**WHAT IS NEEDED**: Your output should reproduce each entry exactly, with none of its pictures.

[Dataset excerpts]
--
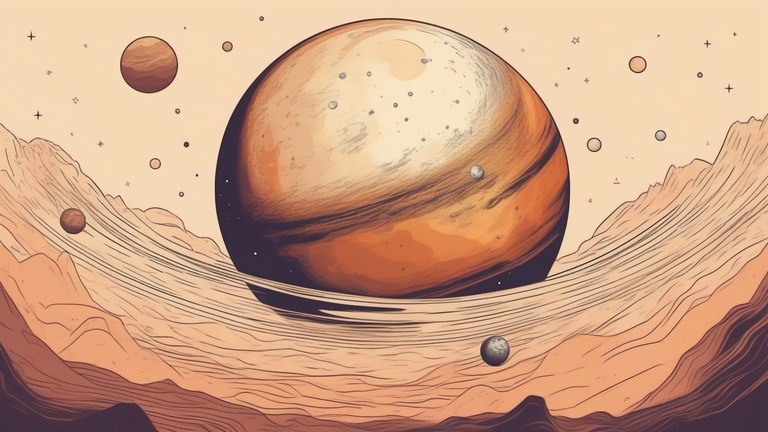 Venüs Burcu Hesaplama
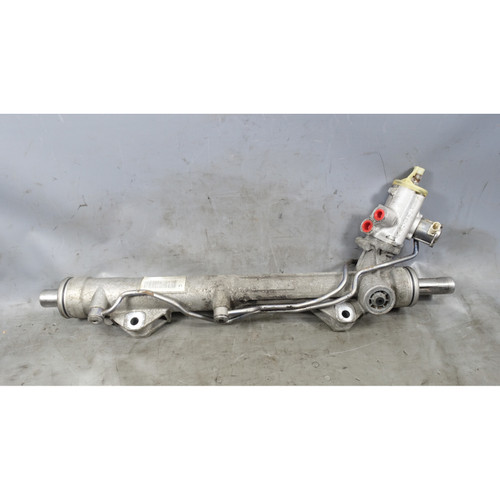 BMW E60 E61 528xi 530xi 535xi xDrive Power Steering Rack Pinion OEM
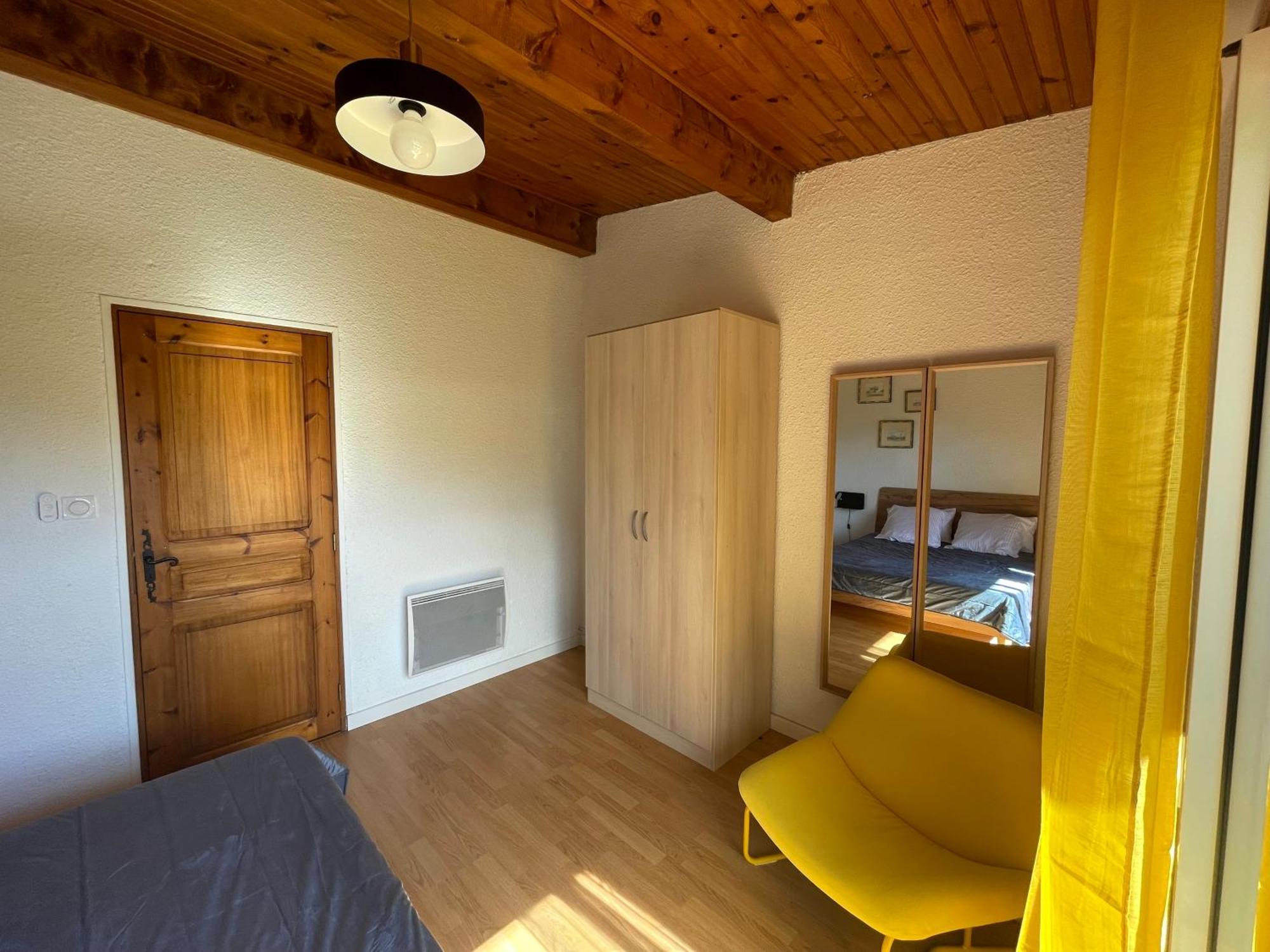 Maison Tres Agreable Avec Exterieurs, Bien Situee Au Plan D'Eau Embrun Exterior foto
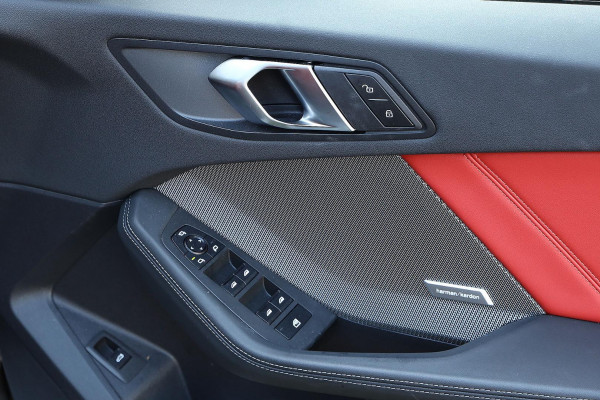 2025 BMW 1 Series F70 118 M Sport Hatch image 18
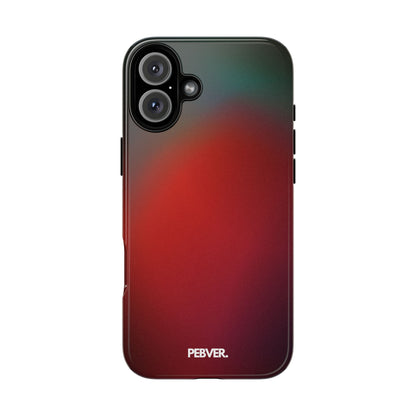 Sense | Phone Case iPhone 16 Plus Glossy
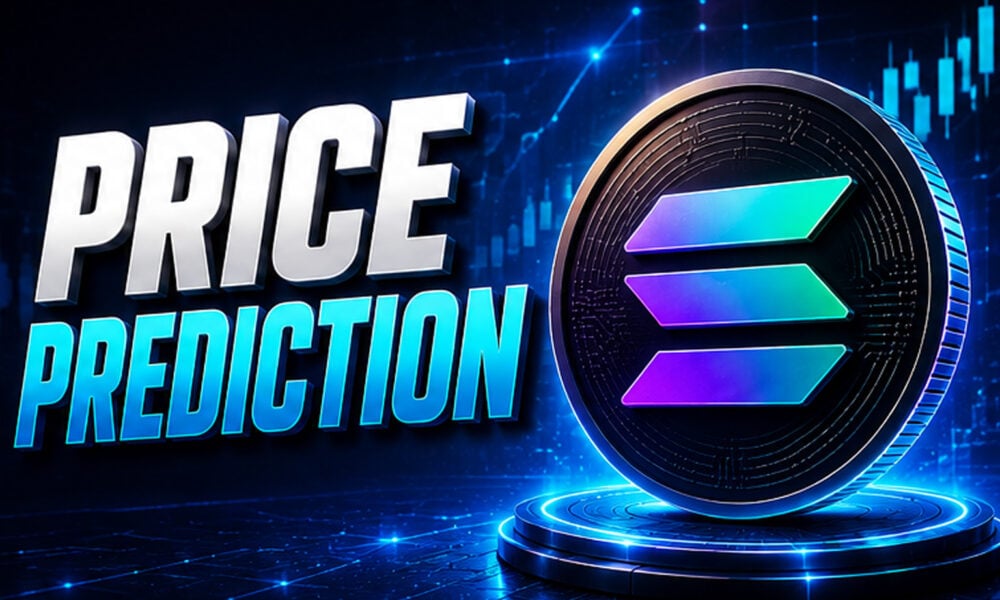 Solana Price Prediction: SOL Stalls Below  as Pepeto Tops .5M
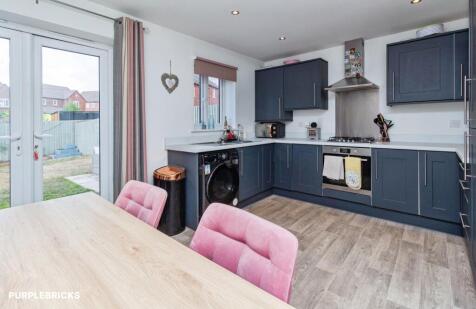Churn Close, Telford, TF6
--
**ANSWER BOX**:
 Venüs Burcu Hesaplama
 BMW E60 E61 528xi 530xi 535xi xDrive Power Steering Rack Pinion OEM
 Maison Tres Agreable Avec Exterieurs, Bien Situee Au Plan D'Eau Embrun Exterior foto
 2025 BMW 1 Series F70 118 M Sport Hatch image 18
 Sense | Phone Case iPhone 16 Plus Glossy
 Solana Price Prediction: SOL Stalls Below  as Pepeto Tops .5M
Churn Close, Telford, TF6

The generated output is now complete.